¿Pero qué sabía Delilah de tigres,
después de todo? Ella no había visto dedos congelarse en la
Antártida, ni había disparado (y sus balas definitivamente no se
habían desviado hacia la cabeza de ningún niño), tampoco se había
casado y su pareja había muerto. Tampoco estaba enferma. No
físicamente. Ian se preguntaba qué podía saber de tigres alguien
así.
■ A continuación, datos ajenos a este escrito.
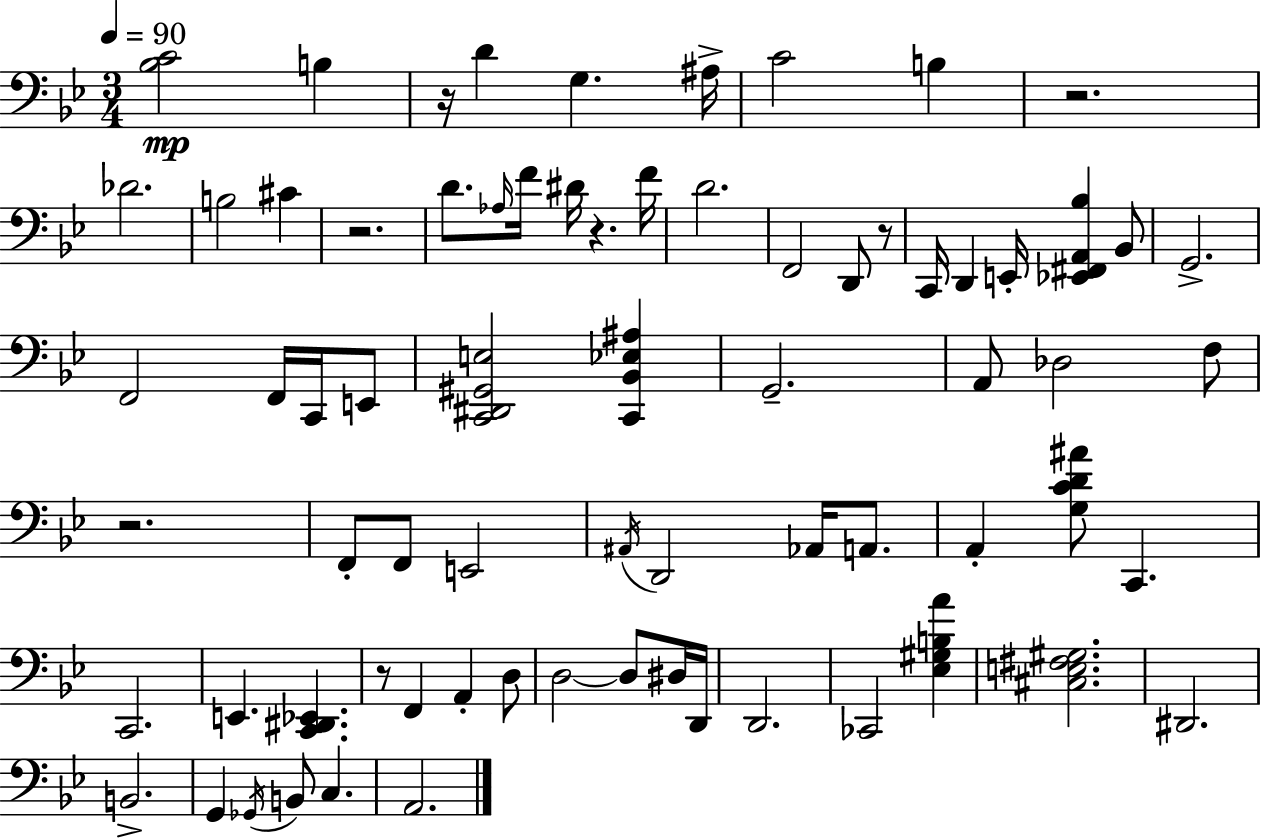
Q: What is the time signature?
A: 3/4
Alguien tan... ¿común?
Pero Delilah lo sabía todo sobre los
tigres.
(Sabía mucho más que él porque).
—¿Qué sabes tú de tigres, después
de todo? —le espetó.
Y ella frunció sus finos finos labios
hasta que no quedaron labios finos ni gruesos ni de colores cálidos.
—Sé cómo domarlos.
E Ian pensó «Ah, eso sabe ella de
tigres» y apoyó la cabeza contra su pecho y se durmió contando sus
respiraciones.
El cabello de Ian se estaba quedando
demasiado largo —desde que dejó la Marina decidió que nunca se lo
volvería a cortar— y Delilah pensó que así le quedaba muy bien
pero que Ian seguro que todavía no se estaba acostumbrando a él.
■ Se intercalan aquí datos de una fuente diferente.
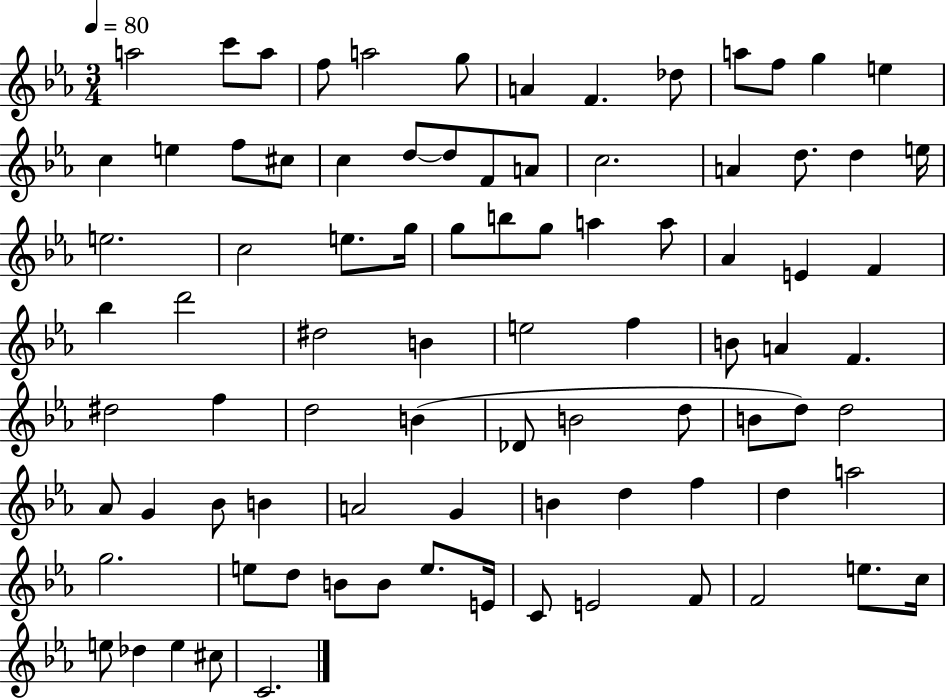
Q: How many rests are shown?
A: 0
Los tigres no tenían melena después
de todo.
Quizás Ian era un león y por eso se
afanaba tanto en enfrentarlos.
¿Y si Ian era un león?
Delilah suspiró y acarició sus
mechones. Mechones de león. Le susurró al oído un «Ruge» y luego
siguió acariciando. Sus latidos parecían calmarlo pero.
¿Y si era un león cómo podía estar
tranquila a su lado? ¿Acaso era ella una leona? ¿Acaso?
Delilah era un tigre más.
Ella lo sabía. También Ian. Y el
viejo Ken estaba seguro de ello —lo había estado desde el momento
en el que la vio entrar en el edificio con su mirada de “no, no,
todo bien, encantada, muy encantada” y su vocecita de señorita
remilgada. Y había pensado —para sí, como siempre, porque nadie
lo escuchaba—: «Pobre chico. Pobre Ian —no marine—. Menudo
tigre acaba de meterse en casa». Pero no pasaba nada. Todo estaba
bien.
Porque ni Ian ni Delilah iban a
mencionar nunca que ella era un tigre más.